L'ouvrage reprend d'abord l'essentiel du propos d'un livre antérieur, plus court, l'Esprit du zen (aux éditions du Seuil). Alan W. Watts en profite ici pour développer plus longuement l'idée que le bouddhisme zen résulte de la rencontre (Roger Pol-Droit parle de « métissage ») entre le bouddhisme indien et l'esprit de la spiritualité chinoise en général, taoïste en particulier (bien qu'un certain humour, et une méfiance profonde des questions métaphysiques animent également les Entretiens de Confucius).
L'idée d'écrire sur le zen un livre d'introduction rencontre cependant un certain nombre de problèmes importants, d'autant que l'auteur précise dans sa préface n'être à proprement parler ni bouddhiste (et encore moins chinois ou japonais) ni un universitaire ayant consacré à ce propos de longues recherches. Pourtant, Alan W. Watts ne cherche absolument pas à éviter ces problèmes mais à en tirer parti, et entraîne aisément l'adhésion du lecteur par la pédagogie et l'érudition dont il fait preuve. Échappant de fait à l'érudition pure et froide, assortie d'une flopée de notes de bas de page (qui louperait alors la dimension vécue et existentielle du bouddhisme zen), comme au discours, pour nous totalement étranger, du bouddhiste zen qui ne se serait pas familiarisé avec notre langue et notre culture, Alan W. Watts me semble tenir une position idéale pour nous lecteurs, celle de l'occidental tourné vers l'orient, qui a pratiqué le zen et a procédé à un certain nombre de recherches importantes sur celui-ci.
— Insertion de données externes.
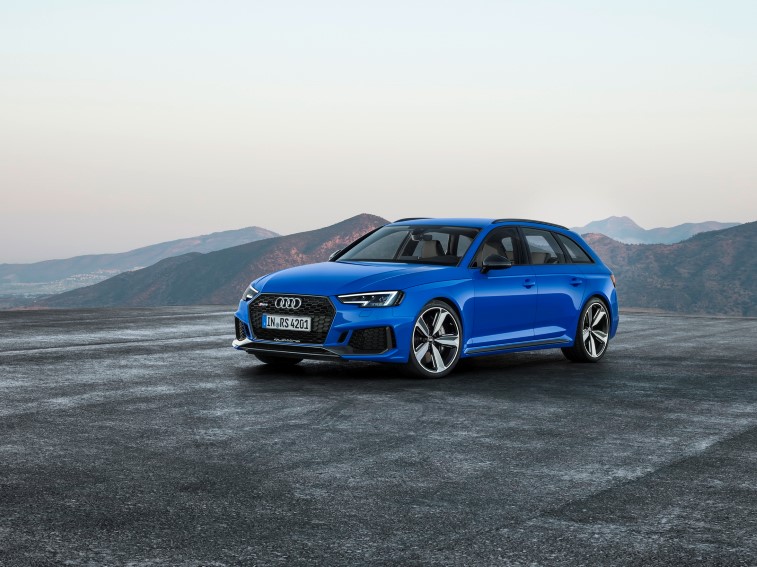 2018 Audi RS4 Avant resim galerisi (18.12.2017)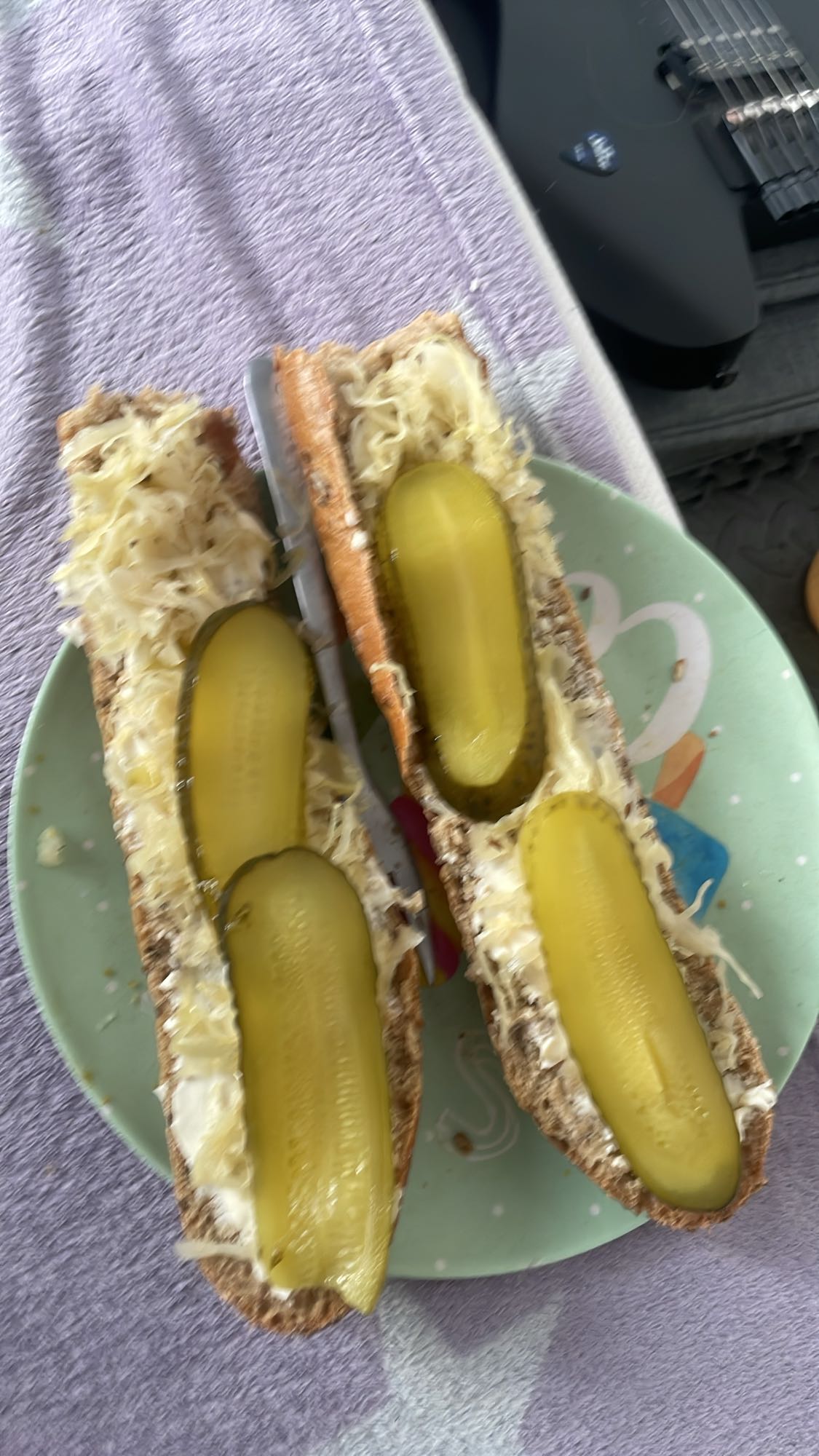 Kanapki z ogórkiem i kapustą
On trouve par conséquent dans ce livre un intéressant tableau historique de l'histoire du bouddhisme zen, ainsi qu'une introduction très convaincante à l'esprit de cette école. Il y aurait beaucoup de choses à retenir de ce livre, mais j'aimerais n'en choisir que deux.

La première est qu'un nombre très important de conceptions que se forme la philosophie occidentale contemporaine sur le temps, l'espace, le sujet, la vérité, la réalité, au terme de son divorce avec la métaphysique classique, ressemble de plus en plus (correspond même parfois parfaitement) avec les conceptions bouddhistes. Je dois dire que ce point est des plus troublant et enthousiasmant : la philosophie occidentale a dû, pour s'établir et progresser, recourir à des choix théoriques fondamentaux qui ont laissé de côté ou refoulé certaines autres conceptions ; autres conceptions qu'elle redécouvre depuis le XXe siècle, et que le bouddhisme zen, à sa façon, avait déjà envisagé.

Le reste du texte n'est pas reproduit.